Segment Open

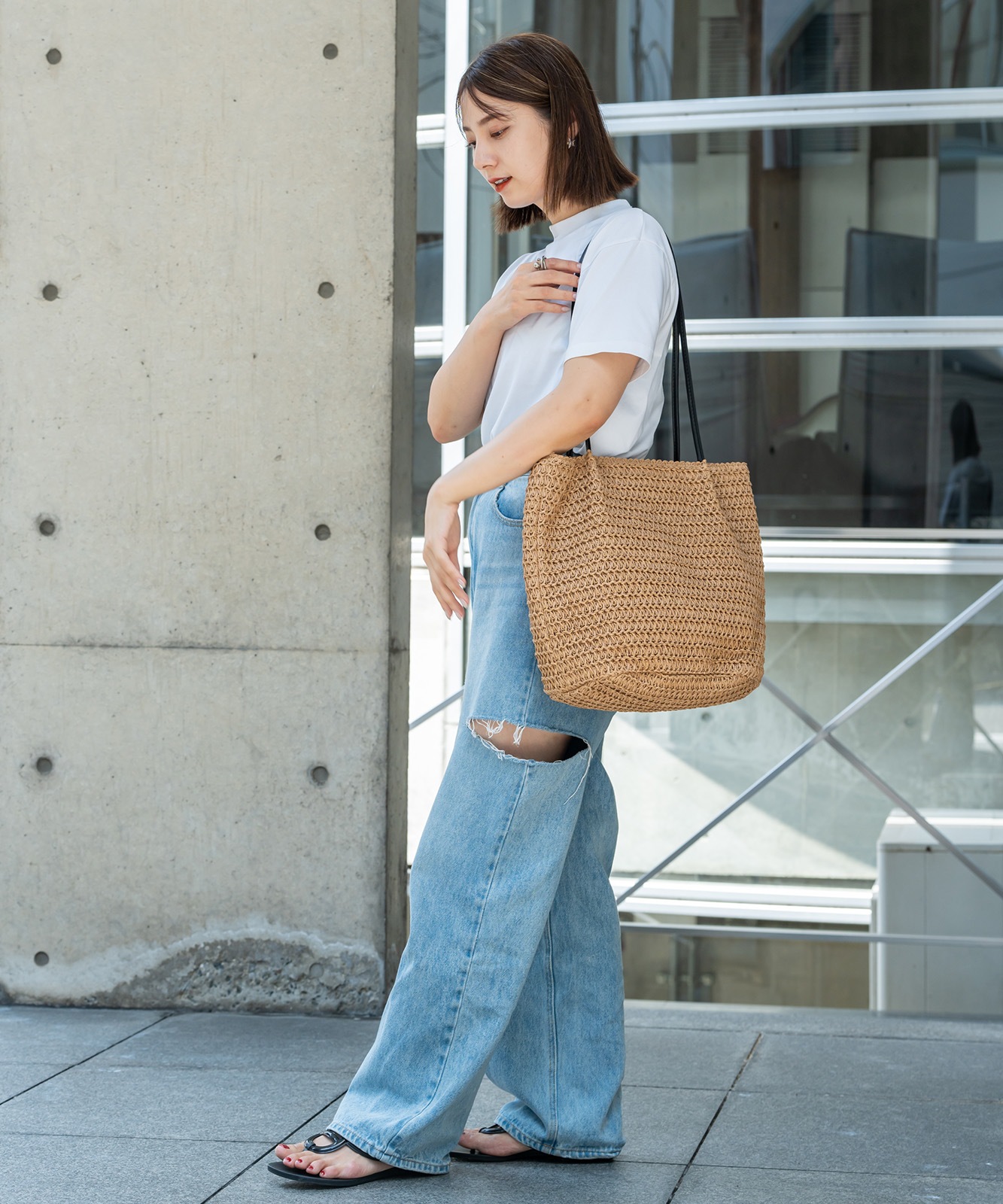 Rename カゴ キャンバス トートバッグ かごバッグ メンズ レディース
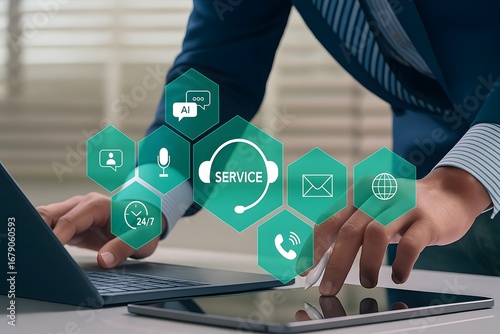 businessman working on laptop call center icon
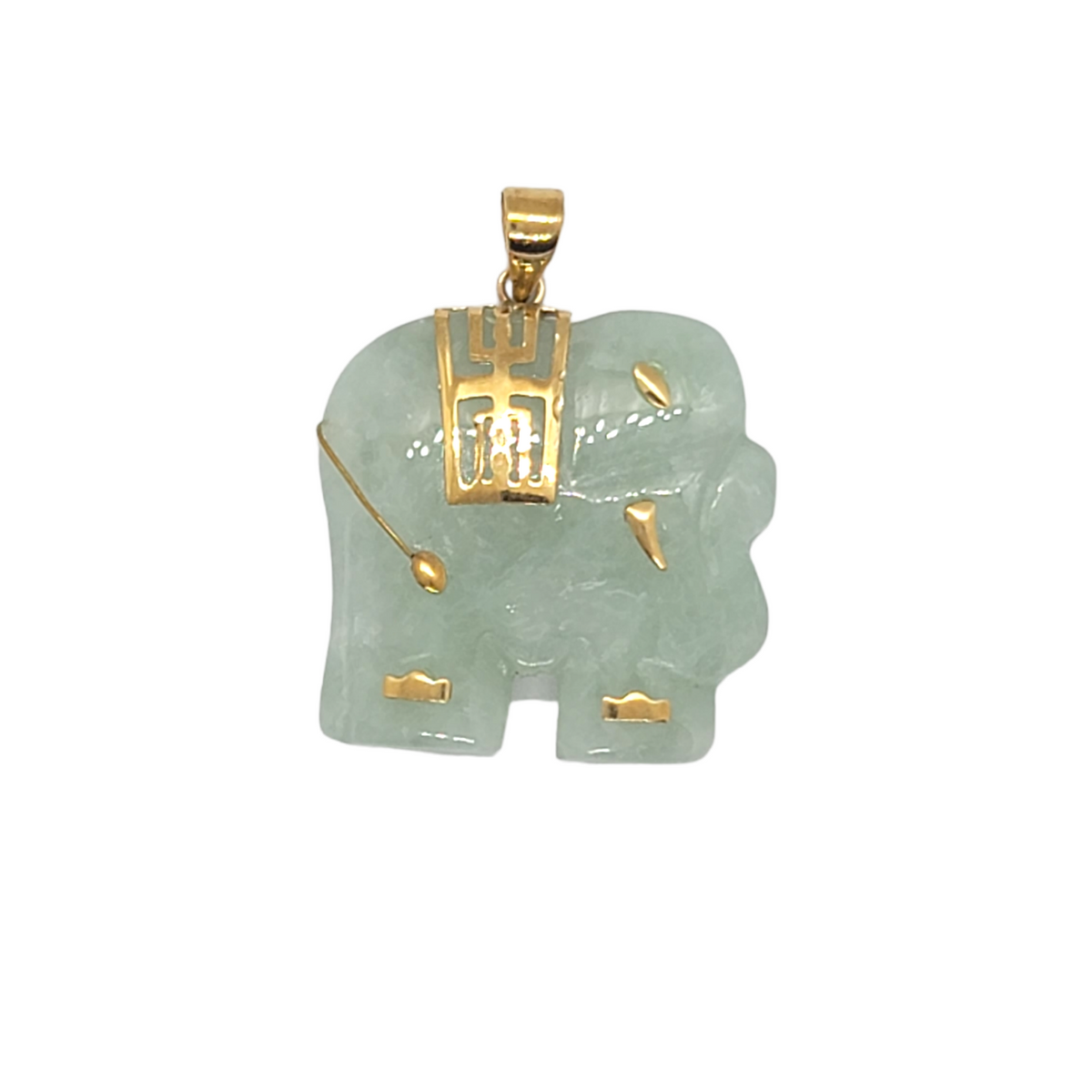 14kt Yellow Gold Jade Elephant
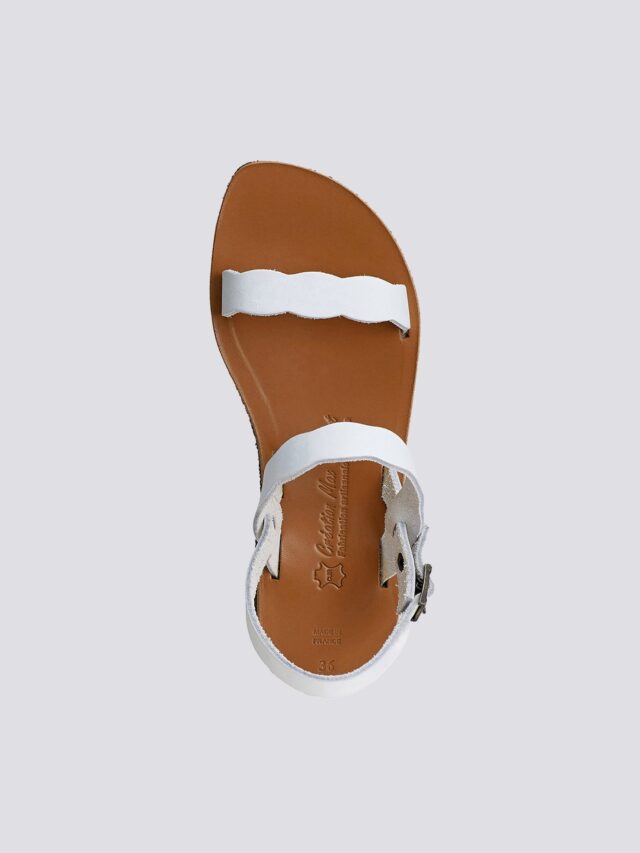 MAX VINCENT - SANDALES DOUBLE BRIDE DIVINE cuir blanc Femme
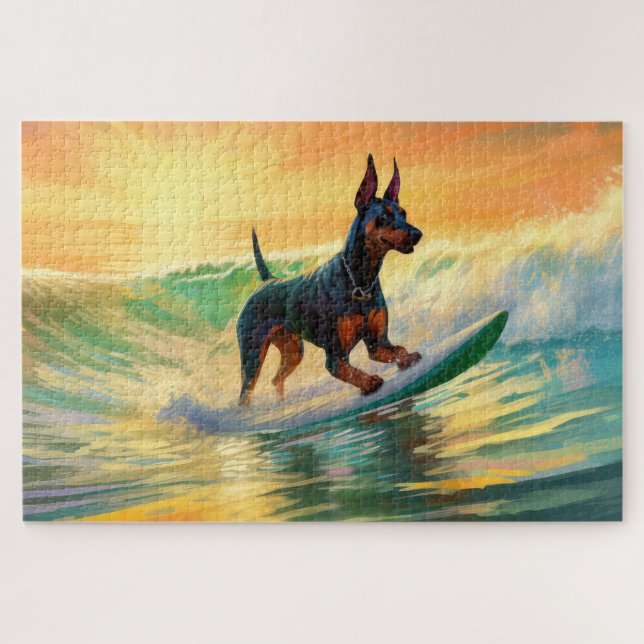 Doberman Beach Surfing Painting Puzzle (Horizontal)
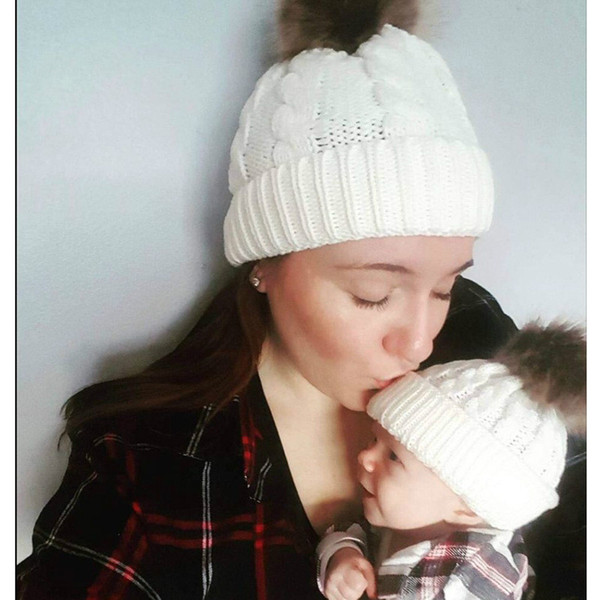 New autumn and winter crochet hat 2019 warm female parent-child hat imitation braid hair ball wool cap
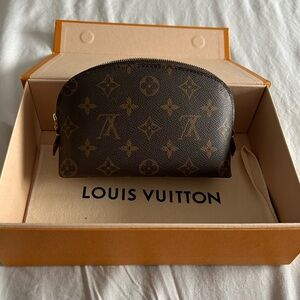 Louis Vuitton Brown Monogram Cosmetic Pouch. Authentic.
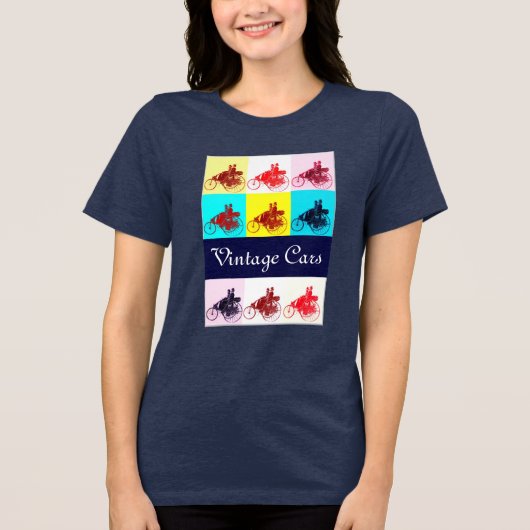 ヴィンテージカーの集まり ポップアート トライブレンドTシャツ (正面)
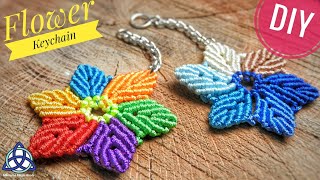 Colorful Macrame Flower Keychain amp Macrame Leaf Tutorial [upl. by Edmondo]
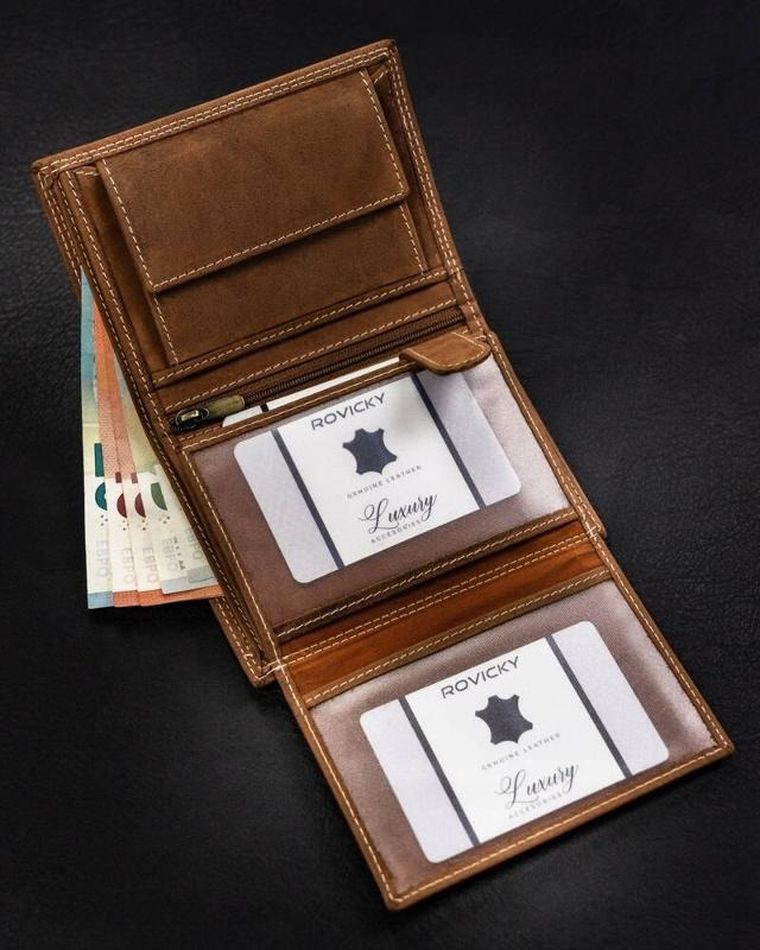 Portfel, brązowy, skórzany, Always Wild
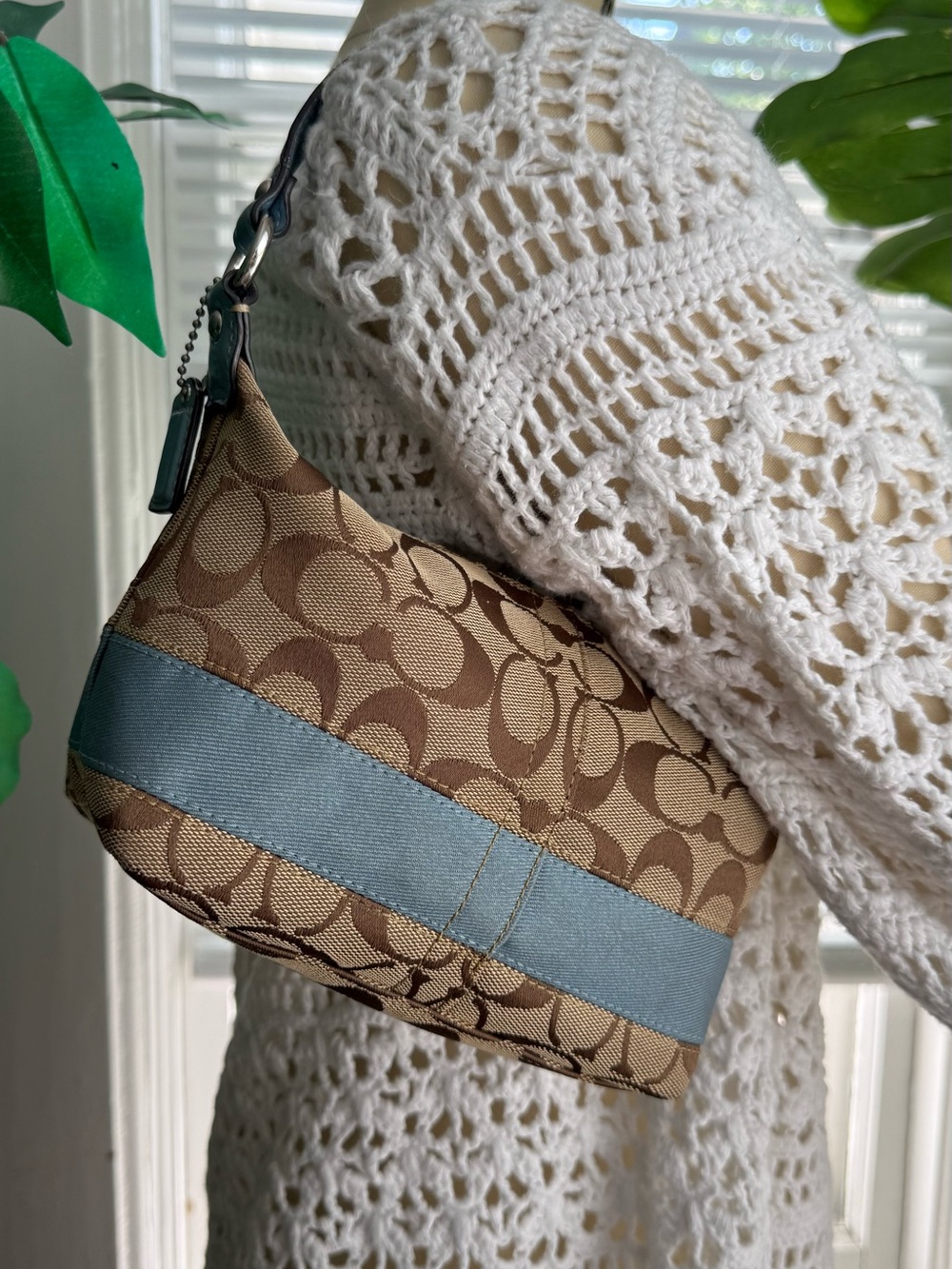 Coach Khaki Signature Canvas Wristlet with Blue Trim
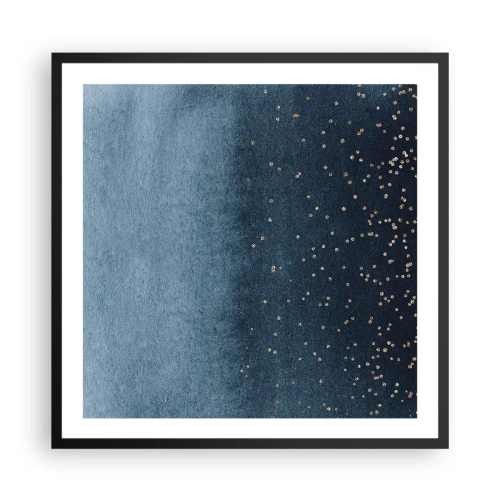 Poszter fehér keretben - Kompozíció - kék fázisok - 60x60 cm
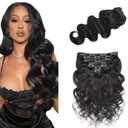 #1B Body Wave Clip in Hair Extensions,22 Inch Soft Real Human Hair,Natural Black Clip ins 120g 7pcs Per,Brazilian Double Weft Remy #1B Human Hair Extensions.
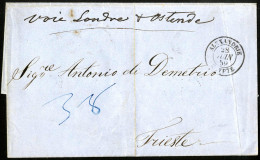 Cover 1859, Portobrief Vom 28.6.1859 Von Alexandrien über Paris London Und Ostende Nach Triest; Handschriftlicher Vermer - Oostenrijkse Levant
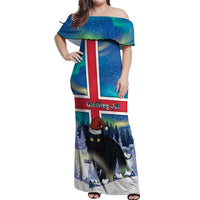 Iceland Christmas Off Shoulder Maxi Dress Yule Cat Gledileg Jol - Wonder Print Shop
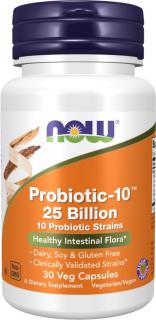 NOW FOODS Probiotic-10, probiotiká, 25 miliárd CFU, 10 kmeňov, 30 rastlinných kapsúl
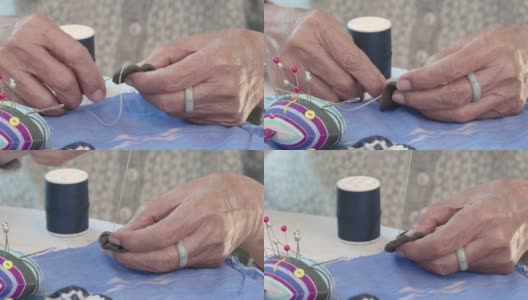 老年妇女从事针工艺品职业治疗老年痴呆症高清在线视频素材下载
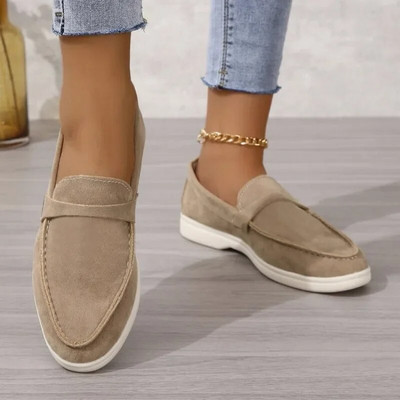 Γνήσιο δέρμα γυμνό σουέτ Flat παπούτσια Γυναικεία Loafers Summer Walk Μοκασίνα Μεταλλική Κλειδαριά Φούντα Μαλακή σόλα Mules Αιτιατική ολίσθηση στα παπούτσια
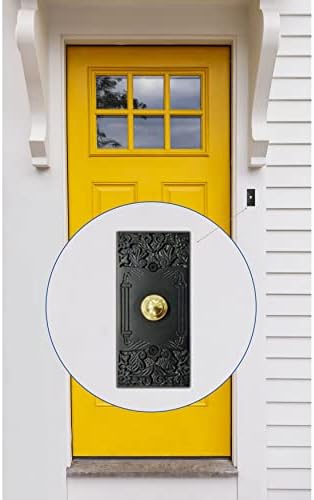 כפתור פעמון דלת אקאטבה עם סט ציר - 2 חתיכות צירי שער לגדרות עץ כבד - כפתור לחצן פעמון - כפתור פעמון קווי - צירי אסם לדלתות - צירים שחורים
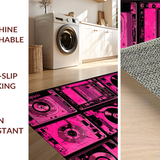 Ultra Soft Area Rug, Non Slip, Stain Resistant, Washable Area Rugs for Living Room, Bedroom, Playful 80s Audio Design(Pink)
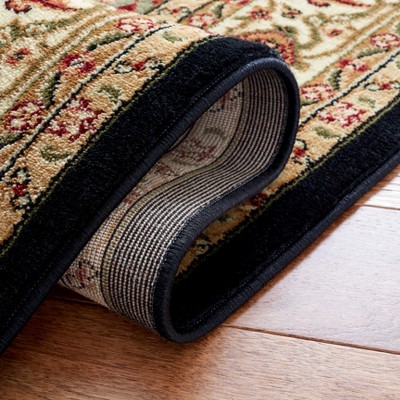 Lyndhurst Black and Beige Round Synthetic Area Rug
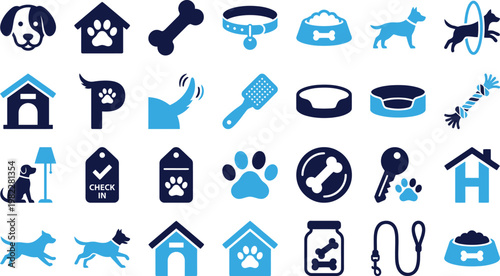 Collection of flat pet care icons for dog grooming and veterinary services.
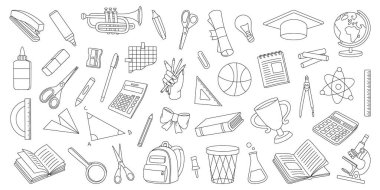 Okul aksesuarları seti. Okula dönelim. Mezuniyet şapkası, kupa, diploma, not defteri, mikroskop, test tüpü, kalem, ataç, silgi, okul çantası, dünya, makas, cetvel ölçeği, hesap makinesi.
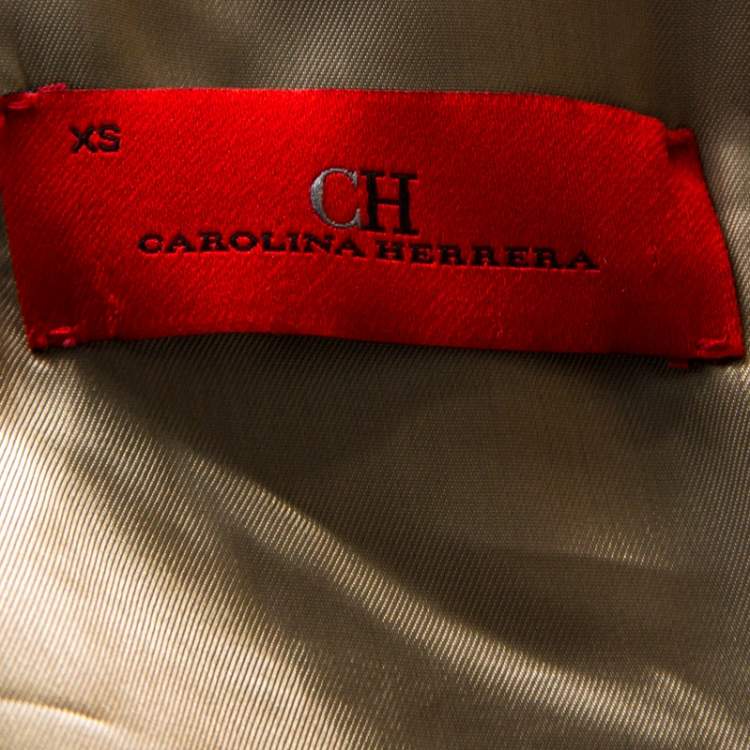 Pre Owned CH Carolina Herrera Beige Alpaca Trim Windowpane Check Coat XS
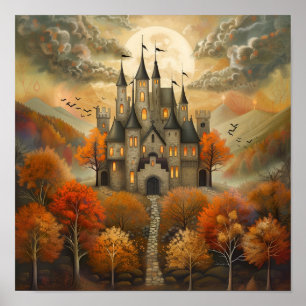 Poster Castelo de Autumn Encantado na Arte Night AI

Segment Closed

Action item: Omitting all pictures, set the listing down exactly.

Task answer:
 Rename カゴ キャンバス トートバッグ かごバッグ メンズ レディース
 businessman working on laptop call center icon
 14kt Yellow Gold Jade Elephant
 MAX VINCENT - SANDALES DOUBLE BRIDE DIVINE cuir blanc Femme
 Doberman Beach Surfing Painting Puzzle (Horizontal)
 New autumn and winter crochet hat 2019 warm female parent-child hat imitation braid hair ball wool cap
 Louis Vuitton Brown Monogram Cosmetic Pouch. Authentic.
 ヴィンテージカーの集まり ポップアート トライブレンドTシャツ (正面)
 Colorful Macrame Flower Keychain amp Macrame Leaf Tutorial [upl. by Edmondo]
 Portfel, brązowy, skórzany, Always Wild
 Coach Khaki Signature Canvas Wristlet with Blue Trim
 Poszter fehér keretben - Kompozíció - kék fázisok - 60x60 cm
 #1B Body Wave Clip in Hair Extensions,22 Inch Soft Real Human Hair,Natural Black Clip ins 120g 7pcs Per,Brazilian Double Weft Remy #1B Human Hair Extensions.
 Cover 1859, Portobrief Vom 28.6.1859 Von Alexandrien über Paris London Und Ostende Nach Triest; Handschriftlicher Vermer - Oostenrijkse Levant
 Iceland Christmas Off Shoulder Maxi Dress Yule Cat Gledileg Jol - Wonder Print Shop
 NOW FOODS Probiotic-10, probiotiká, 25 miliárd CFU, 10 kmeňov, 30 rastlinných kapsúl
 老年妇女从事针工艺品职业治疗老年痴呆症高清在线视频素材下载
 Γνήσιο δέρμα γυμνό σουέτ Flat παπούτσια Γυναικεία Loafers Summer Walk Μοκασίνα Μεταλλική Κλειδαριά Φούντα Μαλακή σόλα Mules Αιτιατική ολίσθηση στα παπούτσια
 כפתור פעמון דלת אקאטבה עם סט ציר - 2 חתיכות צירי שער לגדרות עץ כבד - כפתור לחצן פעמון - כפתור פעמון קווי - צירי אסם לדלתות - צירים שחורים
 Ultra Soft Area Rug, Non Slip, Stain Resistant, Washable Area Rugs for Living Room, Bedroom, Playful 80s Audio Design(Pink)
 Lyndhurst Black and Beige Round Synthetic Area Rug
 Collection of flat pet care icons for dog grooming and veterinary services.
 Okul aksesuarları seti. Okula dönelim. Mezuniyet şapkası, kupa, diploma, not defteri, mikroskop, test tüpü, kalem, ataç, silgi, okul çantası, dünya, makas, cetvel ölçeği, hesap makinesi.
 Pre Owned CH Carolina Herrera Beige Alpaca Trim Windowpane Check Coat XS
 Poster Castelo de Autumn Encantado na Arte Night AI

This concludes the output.